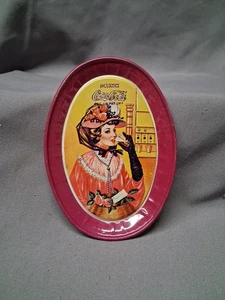 Bandeja para servir publicidad de metal ovalada miniatura Coca Cola - Usada - Imagen 1 de 4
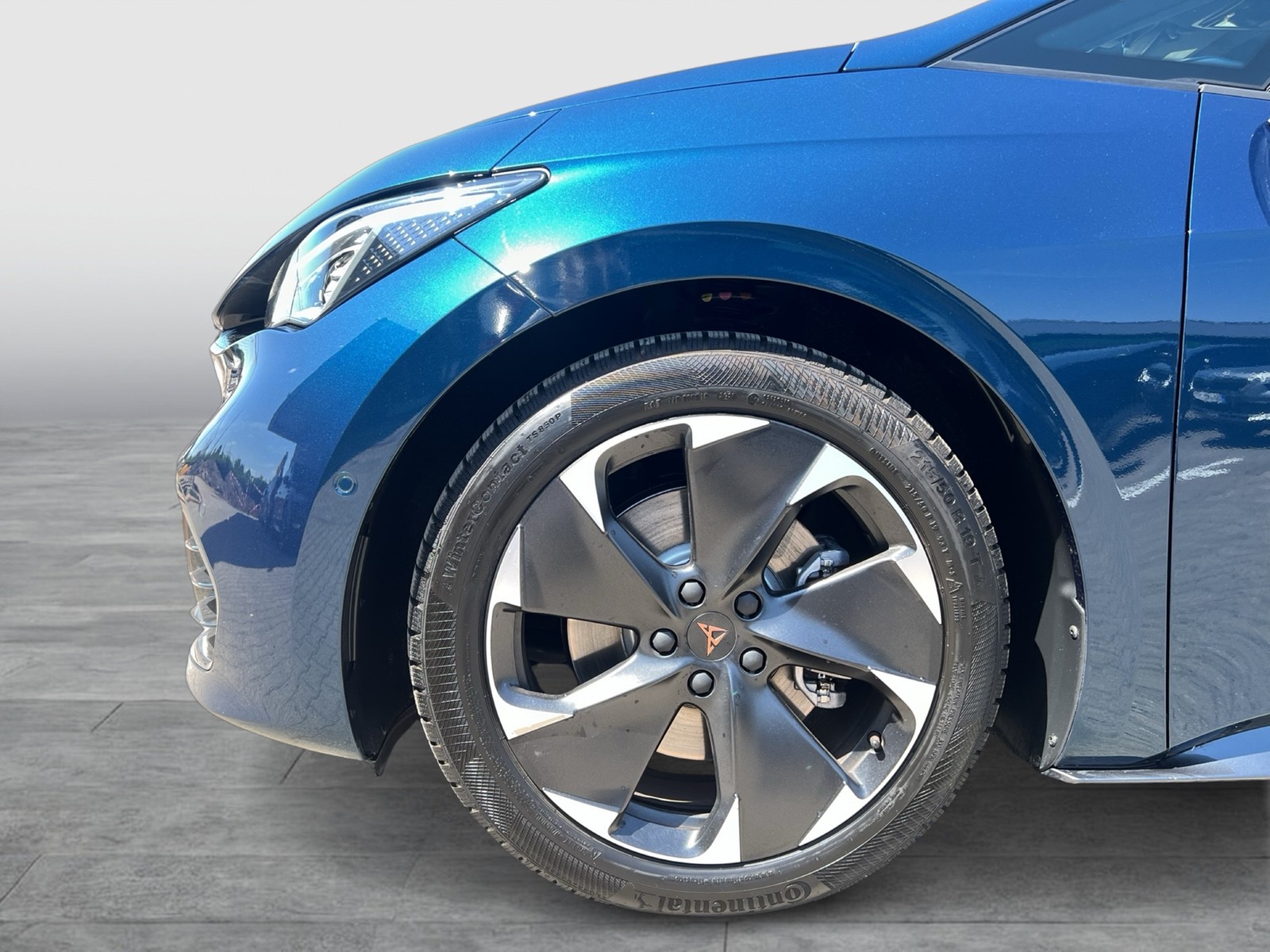 Cupra Born E-BOOST WÄRMEPUMPE PANO 360°CAM ACC LM19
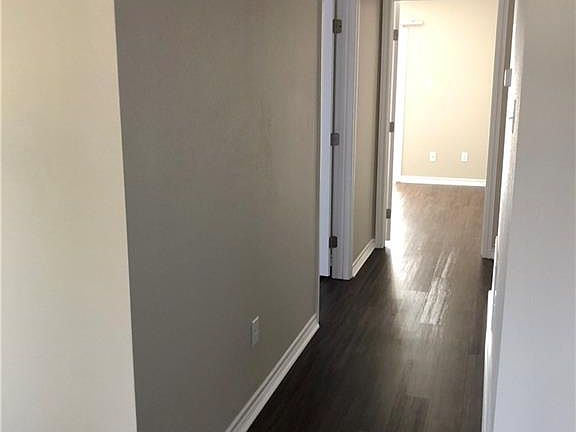 5th image of 716 San Saba Dr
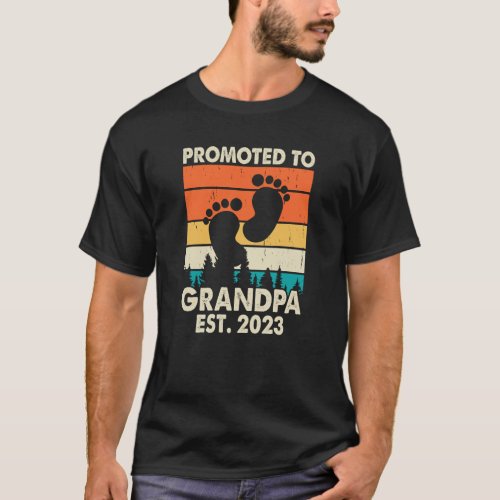 Promoted do grandpa est 2023 retro stripes pastel T_Shirt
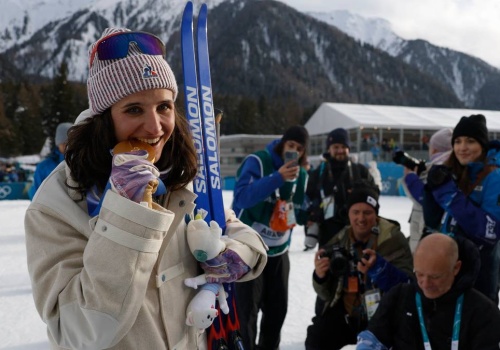 Najpierw okradła koleżankę, a teraz pokonała ją na ZIO! Podwójne złoto dla gwiazdy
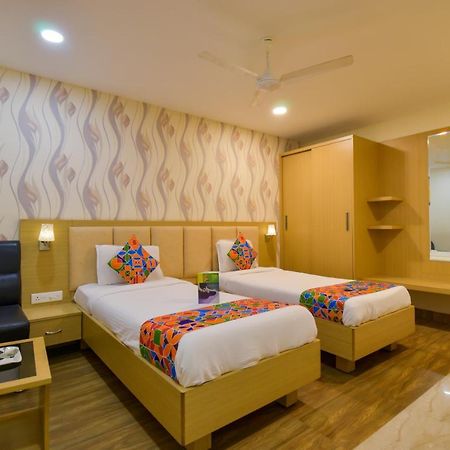 Hotel Raintr33 Hyderabad Eksteriør bilde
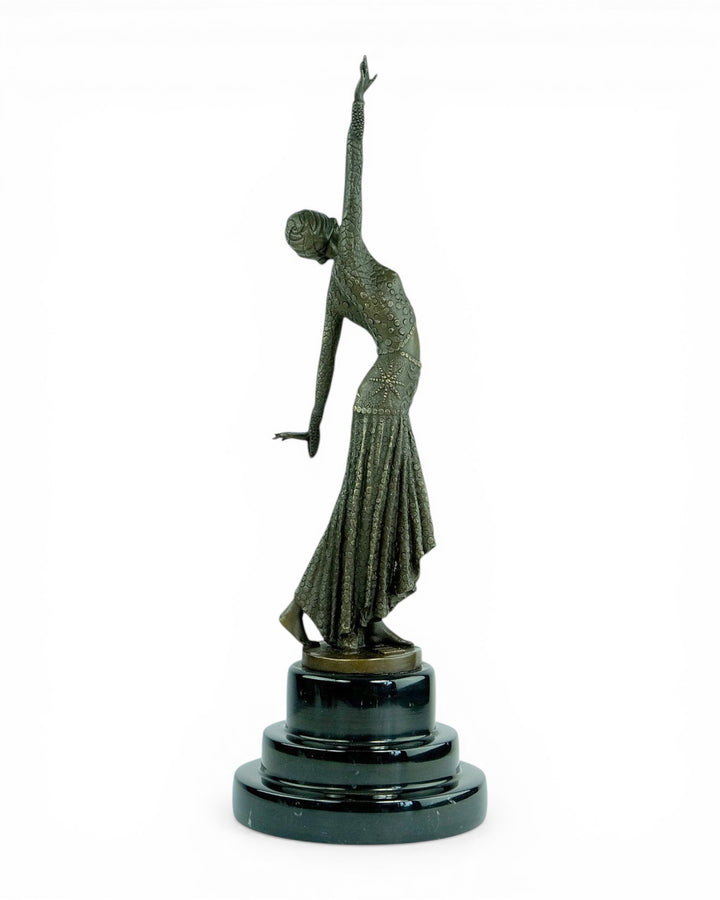 Scultura in bronzo di Mata Hari ispirata a D.H. Chiparus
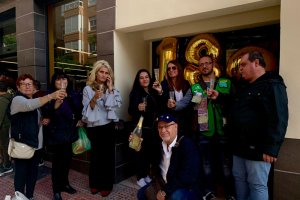 El vendedor rodeado de directivos de la ONCE y clientes habituales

ASSIGNMENT:
The expected answer is the lines from the one that has "Promoted do grandpa" to the end of the listing, transcribed exactly, with pictures left out and no other line added.

YOUR SOLUTION:
 Promoted do grandpa est 2023 retro stripes pastel T_Shirt
 Najpierw okradła koleżankę, a teraz pokonała ją na ZIO! Podwójne złoto dla gwiazdy
 Hotel Raintr33 Hyderabad Eksteriør bilde
 Scultura in bronzo di Mata Hari ispirata a D.H. Chiparus
 El vendedor rodeado de directivos de la ONCE y clientes habituales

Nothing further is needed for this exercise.